I’ve been able to peek into the styles.xml file using the Oxygen app. I identified the entries I created in my own project’s Styles, along with the Styles that were included in the original General Non-Fiction (LaTeX) template. With zero XML knowledge, however, that is as far as I can go at the moment.

From this point, if anyone has any suggestion as to how I might extract the Styles user-defined data for eventual output as text, I would greatly appreciate it.

I realize that I will need some sort of an XML definition that lays out how the data is structured, which I do not currently have. It would appear, however, that at least part of that structure is defined on the right-side of the above screen as Attributes.

Any tidbits of insight to move me along to the next step would be welcome.

scrive

gr · March 13, 2022, 2:13pm

What you are seeing is chunks of RTF code embedded (CDATA) in XML code.

But I sincerely think this is a rabbit hole you should not go down. There is no benefit to you to try to decode this arcane data in order to catalogue your defined styles.

The only information about defined styles that you could be wanting to record are the very attributes you see when you apply the style. Given this, you should be able to construct your style catalogue this way: Make a fresh document and make a list of the names of your custom paragraph styles – one name per paragraph. Open the styles panel. Use it to turn each successive paragraph into the style whose name it bears. Next, go back to each paragraph and add a description of the styling you see there. Of course, the purpose of each style is important in your set up, so you can as well write that down while you are at it. Now you are done. You can repeat this process with another doc for your character styles.

Note that by proceeding this way all of your labor is directly “on task”, and this is how it will effect a savings over how you are currently proposing to pursue the matter.

AmberV · March 13, 2022, 2:52pm

Firstly, if you aren’t a programmer with a decent level of familiarity with using the XML libraries in your language of choice, I cannot imagine that hunting through raw XML by eye is any more efficient than just copying and pasting values out of the Styles compile format pane.

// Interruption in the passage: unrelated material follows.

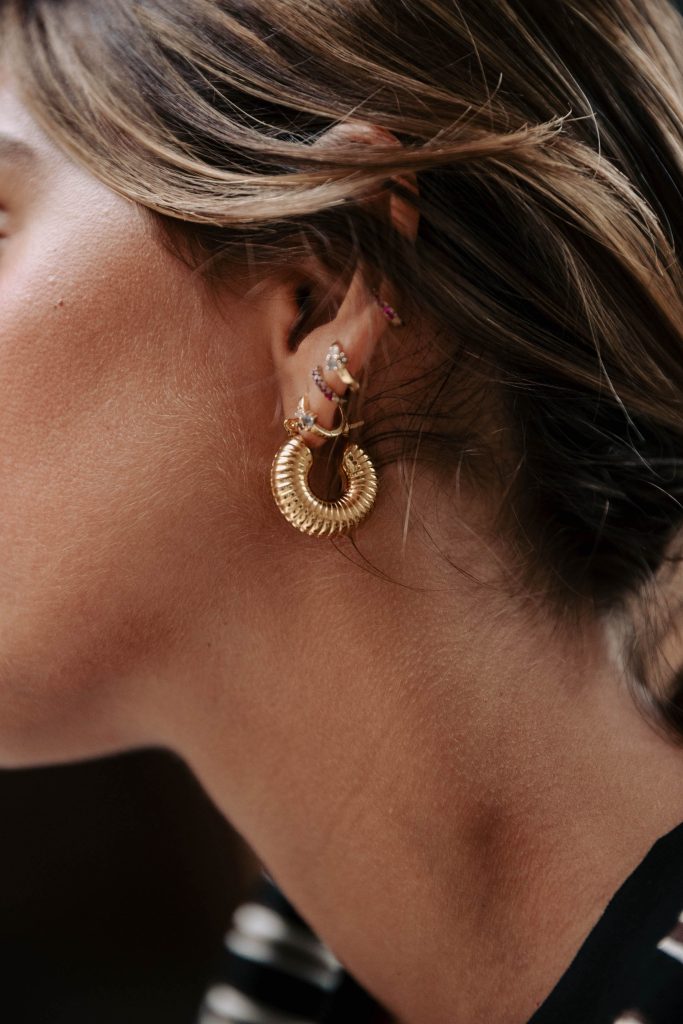 Boucles d’oreilles Néora dorées Sahoma, forme ronde striée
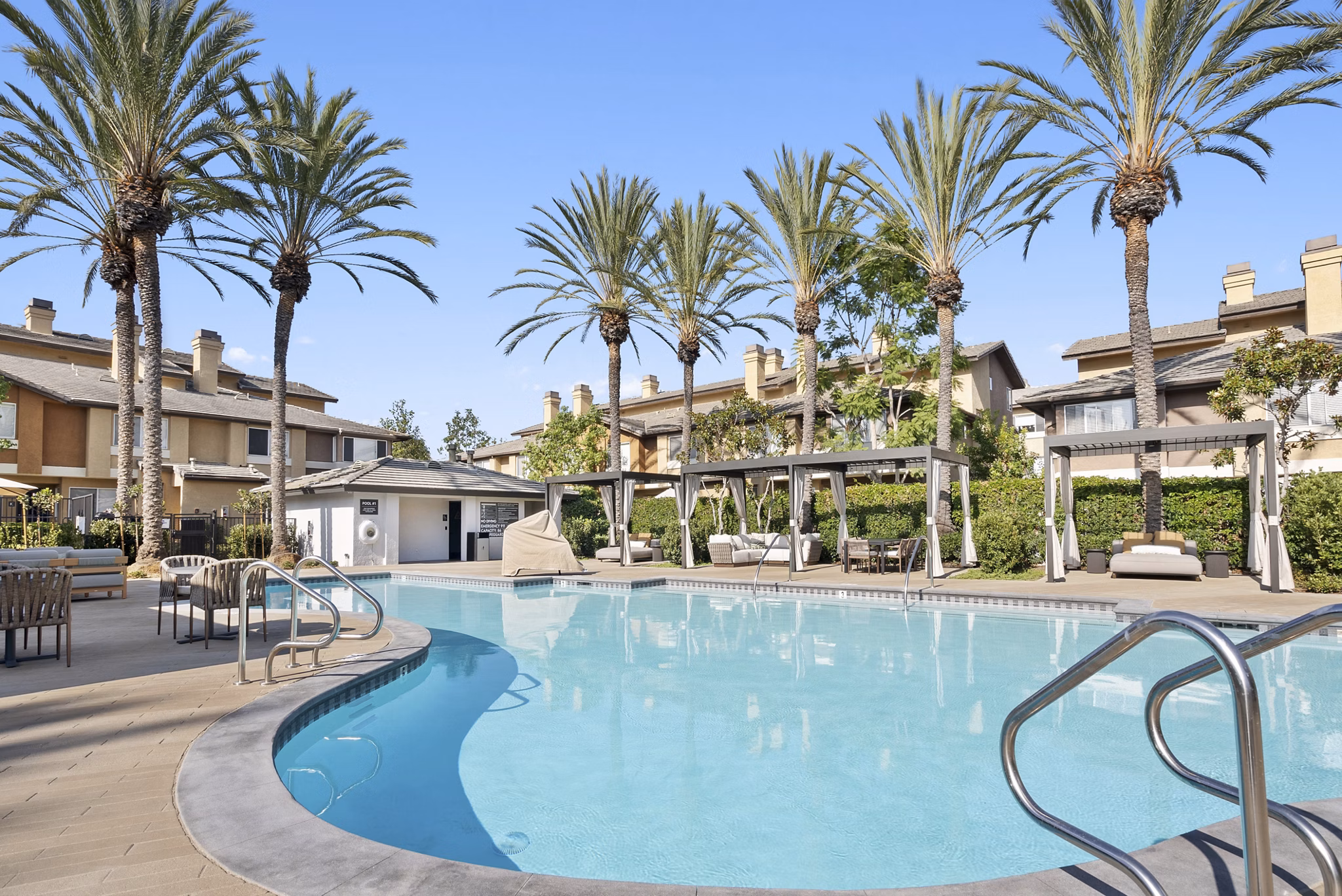 pool at Ravello Apartments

Yeah, it’s a lot of tabbing through text fields and clicking through lists, but that’s exactly what you’d be doing in a raw XML file anyway, and at least in Scrivener there is some specialised interface for interacting with the elements.

Something worth noting is that you start with a screenshot of the Styles pane in the compile format designer highlighted, and speak mainly in a way that would extol the virtues of how styles can be compiled functionally—but then move on to examine the project’s styles, which have nothing to do with the former. Project styles, at least what gets stored of them in the file you’re looking at, are purely aesthetics and a name—not very useful to you I don’t think. On the other hand, a compile Format’s styles will be stored in the respective .scrformat file, within the Settings/Compile Formats folder—and that is where you will find functional information.

In other words, the way you are talking about all of this makes me think you’re looking to build a list that looks a bit like this:

Style name	Prefix	Suffix
Citation	\cite{	}

As previously mentioned, the project’s styles matter not one bit at all to this kind of information—save for the fact that if we have citations and want to use them in our project, we would use this reference to create a style called “Citation” in the project and mark cite refs with it.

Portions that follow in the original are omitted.